_Data records_
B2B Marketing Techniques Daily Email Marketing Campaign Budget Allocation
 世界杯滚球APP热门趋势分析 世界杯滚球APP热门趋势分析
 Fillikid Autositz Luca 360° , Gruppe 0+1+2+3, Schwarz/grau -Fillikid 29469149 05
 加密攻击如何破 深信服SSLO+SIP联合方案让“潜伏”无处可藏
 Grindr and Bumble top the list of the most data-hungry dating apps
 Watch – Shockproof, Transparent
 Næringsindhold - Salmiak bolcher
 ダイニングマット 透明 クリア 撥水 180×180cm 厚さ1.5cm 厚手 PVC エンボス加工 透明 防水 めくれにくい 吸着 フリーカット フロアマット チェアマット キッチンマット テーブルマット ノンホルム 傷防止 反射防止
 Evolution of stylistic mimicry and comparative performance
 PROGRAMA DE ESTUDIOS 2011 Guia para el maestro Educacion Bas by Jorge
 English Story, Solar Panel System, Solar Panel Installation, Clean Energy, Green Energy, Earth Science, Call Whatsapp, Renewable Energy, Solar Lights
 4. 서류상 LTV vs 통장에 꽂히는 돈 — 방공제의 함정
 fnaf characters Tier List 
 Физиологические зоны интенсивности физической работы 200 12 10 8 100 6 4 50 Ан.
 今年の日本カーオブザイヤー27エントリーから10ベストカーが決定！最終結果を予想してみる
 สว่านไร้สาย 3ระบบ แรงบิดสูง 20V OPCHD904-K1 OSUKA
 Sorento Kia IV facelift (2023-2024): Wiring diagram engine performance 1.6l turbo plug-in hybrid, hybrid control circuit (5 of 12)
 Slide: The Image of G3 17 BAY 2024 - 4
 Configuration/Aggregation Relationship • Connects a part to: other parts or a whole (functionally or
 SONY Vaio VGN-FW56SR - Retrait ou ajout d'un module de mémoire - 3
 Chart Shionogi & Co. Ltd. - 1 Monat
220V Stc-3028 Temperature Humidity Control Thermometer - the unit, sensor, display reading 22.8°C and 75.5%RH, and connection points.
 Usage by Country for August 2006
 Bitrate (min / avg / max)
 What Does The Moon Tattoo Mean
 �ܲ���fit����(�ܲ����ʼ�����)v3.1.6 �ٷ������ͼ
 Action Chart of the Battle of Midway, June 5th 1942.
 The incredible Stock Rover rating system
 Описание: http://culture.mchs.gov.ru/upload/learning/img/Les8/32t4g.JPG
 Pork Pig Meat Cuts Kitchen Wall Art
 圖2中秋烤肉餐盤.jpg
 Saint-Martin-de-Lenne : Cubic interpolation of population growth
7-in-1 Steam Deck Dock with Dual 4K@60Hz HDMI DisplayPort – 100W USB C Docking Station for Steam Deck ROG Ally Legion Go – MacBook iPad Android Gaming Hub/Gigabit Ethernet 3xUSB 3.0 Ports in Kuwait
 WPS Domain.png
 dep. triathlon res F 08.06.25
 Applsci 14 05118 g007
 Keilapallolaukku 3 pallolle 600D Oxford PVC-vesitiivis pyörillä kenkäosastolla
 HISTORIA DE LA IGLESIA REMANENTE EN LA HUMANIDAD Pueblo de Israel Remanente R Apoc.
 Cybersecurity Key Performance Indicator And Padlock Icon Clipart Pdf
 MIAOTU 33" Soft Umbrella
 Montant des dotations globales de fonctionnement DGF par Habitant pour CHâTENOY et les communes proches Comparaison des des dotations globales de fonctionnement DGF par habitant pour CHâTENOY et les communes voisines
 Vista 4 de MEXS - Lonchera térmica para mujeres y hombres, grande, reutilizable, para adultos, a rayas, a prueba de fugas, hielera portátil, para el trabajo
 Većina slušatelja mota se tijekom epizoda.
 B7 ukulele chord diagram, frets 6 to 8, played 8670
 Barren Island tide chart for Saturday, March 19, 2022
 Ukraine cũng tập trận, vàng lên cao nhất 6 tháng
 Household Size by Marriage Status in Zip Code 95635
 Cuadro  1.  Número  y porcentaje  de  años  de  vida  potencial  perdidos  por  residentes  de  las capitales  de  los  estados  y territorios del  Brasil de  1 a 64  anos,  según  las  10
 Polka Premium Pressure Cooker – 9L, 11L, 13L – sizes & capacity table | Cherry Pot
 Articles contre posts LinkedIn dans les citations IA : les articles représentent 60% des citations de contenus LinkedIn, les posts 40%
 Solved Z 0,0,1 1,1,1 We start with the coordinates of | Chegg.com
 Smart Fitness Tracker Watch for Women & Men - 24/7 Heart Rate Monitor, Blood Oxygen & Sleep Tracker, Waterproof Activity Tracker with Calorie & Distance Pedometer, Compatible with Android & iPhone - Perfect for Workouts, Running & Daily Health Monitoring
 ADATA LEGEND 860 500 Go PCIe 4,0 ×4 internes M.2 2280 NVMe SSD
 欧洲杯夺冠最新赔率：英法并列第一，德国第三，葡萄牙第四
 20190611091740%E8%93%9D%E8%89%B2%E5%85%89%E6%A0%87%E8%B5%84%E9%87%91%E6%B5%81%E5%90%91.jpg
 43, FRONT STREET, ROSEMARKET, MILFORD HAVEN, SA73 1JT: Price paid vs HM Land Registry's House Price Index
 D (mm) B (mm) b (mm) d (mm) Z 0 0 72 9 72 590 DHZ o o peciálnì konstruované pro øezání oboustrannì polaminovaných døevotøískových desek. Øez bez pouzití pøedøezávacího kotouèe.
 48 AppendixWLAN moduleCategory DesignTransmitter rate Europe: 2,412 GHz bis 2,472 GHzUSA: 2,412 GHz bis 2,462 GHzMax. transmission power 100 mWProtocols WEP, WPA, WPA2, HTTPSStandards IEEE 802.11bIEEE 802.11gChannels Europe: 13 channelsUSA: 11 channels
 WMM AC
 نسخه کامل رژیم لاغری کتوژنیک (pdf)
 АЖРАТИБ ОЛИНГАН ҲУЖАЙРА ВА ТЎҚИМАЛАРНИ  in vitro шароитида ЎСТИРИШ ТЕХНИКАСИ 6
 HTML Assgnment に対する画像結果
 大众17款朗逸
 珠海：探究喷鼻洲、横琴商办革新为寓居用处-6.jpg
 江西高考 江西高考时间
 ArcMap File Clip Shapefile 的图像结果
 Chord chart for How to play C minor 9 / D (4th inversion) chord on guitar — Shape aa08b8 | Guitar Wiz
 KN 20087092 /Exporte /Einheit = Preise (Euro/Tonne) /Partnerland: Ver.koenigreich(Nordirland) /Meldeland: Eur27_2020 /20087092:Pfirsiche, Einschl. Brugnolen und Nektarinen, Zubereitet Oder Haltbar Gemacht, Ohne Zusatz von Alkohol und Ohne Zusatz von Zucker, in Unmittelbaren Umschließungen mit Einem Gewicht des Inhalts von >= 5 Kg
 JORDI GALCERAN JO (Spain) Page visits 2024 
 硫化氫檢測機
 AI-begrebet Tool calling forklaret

_Exercise brief_
Return the total number of lines in the records that contain "Android", without any explanation.

_Answer for this exercise_
2